Datasets
Standard Dataset
PLUM
- Citation Author(s):
- Submitted by:
- Ming Ni
- Last updated:
- Mon, 07/08/2024 - 15:58
- DOI:
- 10.21227/0h01-3x31
- License:
- Categories:
Abstract
Accurate recognition of targets in the orchard environment is the key to vision perception for picking robots. Factors such as small, densely growing plum fruit targets and high occlusion lead to unsatisfactory recognition of plum fruit by vision algorithms. Therefore, this paper proposes an improved YOLOv5s model to detect highly occluded and dense plums in orchards. First, the backbone network of YOLOv5s is improved in this paper. A new structure Focus-Maxpool module is used to replace the downsampling convolution in the backbone network, so that the model can retain more feature information of highly occluded targets and small targets when downsampling, thus improving the detection performance of occluded targets and small targets. Second, the loss function is improved in this paper. The weighted loss of focal loss and cross entropy function is used as the classification loss of the model to reduce the interference of noise on focal loss and improve the recognition ability of the model for adhering targets. Finally, several testing experiments were designed to evaluate the model's performance. The results show that the improved YOLOv5s model has better average precision than YOLOv5s, YOLOv4, Faster-RCNN, SSD, and Centernet. Compared with the results of the YOLOv5s model, the improved model's average precision, recall, and accuracy are improved by 2.84%, 9.53%, and 1.66%, respectively, compared with the original model. Moreover, the detection speed of the improved model can reach 91.37 frames/s, which can meet the demand for real-time detection. The results show that the improved detection model has high accuracy and robustness in natural orchard environments, which can provide data reference for the research of picking robots and the work of orchard environment monitoring.

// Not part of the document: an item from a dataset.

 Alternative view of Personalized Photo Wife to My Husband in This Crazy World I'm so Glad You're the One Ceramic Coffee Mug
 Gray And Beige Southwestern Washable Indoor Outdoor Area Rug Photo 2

The summary of the dataset for LiDong's object detection is that it is a collection of labeled images aimed at training computer vision models to detect li fruits in various scenes and environments. Each image in the dataset has been manually annotated with information including the location and size of the li fruit within the image. This dataset can be used to train object detection models that enable computers to automatically identify and locate li fruits in images, which has important applications in fields such as agriculture and food safety.